Nous ne pouvons que deviner combien le magnat a proposé pour cette collection, comment il a pu "ne pas rater l'occasion" et comment la collection de Forbes est devenue propriété d'un russe entreprenant.
Rappelons que ces cinquante dernières années seuls quelques exemplaires de ces chefs d'oeuvre pascals uniques avaient été vendus dans le monde. Au total, le joaillier Fabergé fabriqua pour la famille impériale russe 50 oeufs, dont 10 sont conservés aujourd'hui au Fonds des diamants du Kremlin, 9 appartenaient à la famille de Forbes, 5 sont exposés au Virginia Museum of Fine Arts, 3 font partie des collections de la reine Elizabeth II... Quelques collectionneurs en possèdent chacun un. Le sort de 8 oeufs est inconnu.
La collection de Forbes comprend la création sans doute la plus "magique" du joaillier, l' "oeuf dit de l'intronisation", renfermant un carrosse d'or en miniature, la copie de celui dans lequel Alexandra Féodorovna s'est déplacée le jour de l'intronisation de son mari. C'était un cadeau de Nicolas II à sa jeune épouse. L'exécution de ce chef d'oeuvre demanda à Carl Fabergé 15 mois. Son coût oscille entre 18 et 20 millions de dollars.
Tous les 50 oeufs furent fabriqués à Saint-Pétersbourg. Le dernier empereur avait l'habitude d'offrir un chef d'oeuvre de diamants, à l'occasion des Pâques, à sa femme et à sa mère.
Feu Malcolm Forbes amassait les Fabergé avec le flair d'un authentique collectionneur. Difficile à imaginer qu'il se serait séparé de sa collection de son vivant. Mais ses héritiers commencent à rencontrer des problèmes, et la vente de la collection en est le témoignage éloquent.
En Russie, de gros industriels dépensèrent traditionnellement des sommes énormes pour l'art. Grâces aux efforts des magnats du XIXe siècle, dont Chtchoukine, Tretiakov, Morozov, Mamontov, - des collections entières de peinture furent constituées, des galeries, des musées, des théâtres et des églises construites, des parcs ouverts au public. La pinacothèque du millionnaire Chtchoukine constitua le noyau des collections actuelles d'impressionnistes au Musée des Beaux-Arts Pouchkine à Moscou. Il collectionnait des Monet, des Pissaro, puis des Gauguin et des Van Gogh à l'époque où personne ne les achetait en Europe.
Hier comme aujourd'hui, la société salue la largesse des mécènes. Le récent achat par Roman Abramovitch, un industriel du pétrole, du club de football britannique Chelsea, a suscité de nombreux échos en Russie. Pour la plupart des Russes, il s'agit du caprice d'un enfant chéri de la fortune qui ne sait plus comment dépenser l'argent. La presse l'a même accusé d'absence de patriotisme : s'il faut dépenser, pourquoi pas pour une équipe russe? s'interrogeait-on.

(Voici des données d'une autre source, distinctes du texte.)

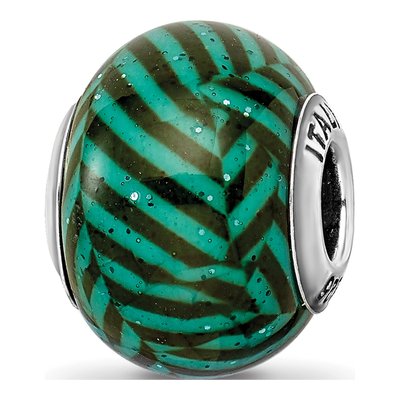 Sterling Silver Teal Stripe Glitter Glass Bead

Viktor Vekselberg a tenu compte de ces états d'esprit. La collection de Fabergé regagne son pays d'origine et les premiers commentaires de la presse sont dans l'ensemble favorables à ce marché exotique.

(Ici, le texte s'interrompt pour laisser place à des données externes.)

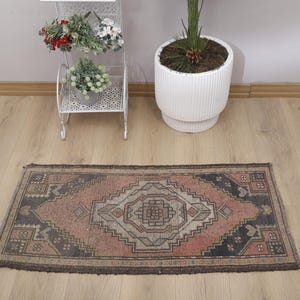 2x4 Rug, Wool Door Mat, Mini Rug, Door Mat Rug, 2x4 Natural Rug, Handmade Wool Rug, Turkish Mini Rug, Vintage Mini Rug,Oushak Mini Rug,23246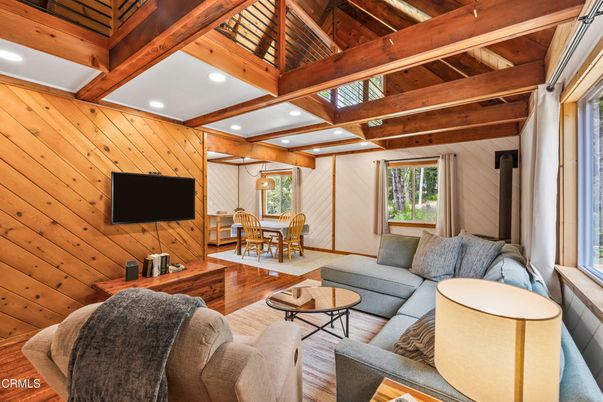 Dining room, Interior, Living room, Recessed Lighting, Wooden Beams, Wooden Ceilings, Wood Texture Flooring, Wooden Walls
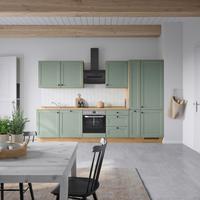 Küchenblock Cascada High m. Geräten Schilfgrün - Schilfgrün/Eichefarben, MODERN, Holzwerkstoff/Metall (330cm) - Nobilia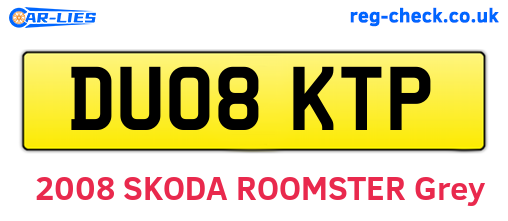 DU08KTP are the vehicle registration plates.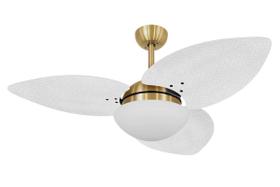 Ventilador De Teto Dunamis Dourado 3P Rattan Branco 110V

Impossible de ne pas rappeler que l'exemple le plus récent d'acquisition de chefs-d'oeuvres russes à l'étranger a été donné par le président Vladimir Poutine. Répondant à une demande de la Galerie Tretiakov, il a octroyé 225 000 euros du fonds présidentiel pour l'acquisition d'un paysage unique de Carl Brullov "La vue de la forteresse Pico à Madère", mis en vente par son ancienne propriétaire, Mme Gomes. Il s'agit du seul paysage parmi les oeuvres de ce peintre talentueux. La toile est déjà en Russie et, après une série de travaux de restauration, sera bientôt exposée à la Galérie Trétiakov.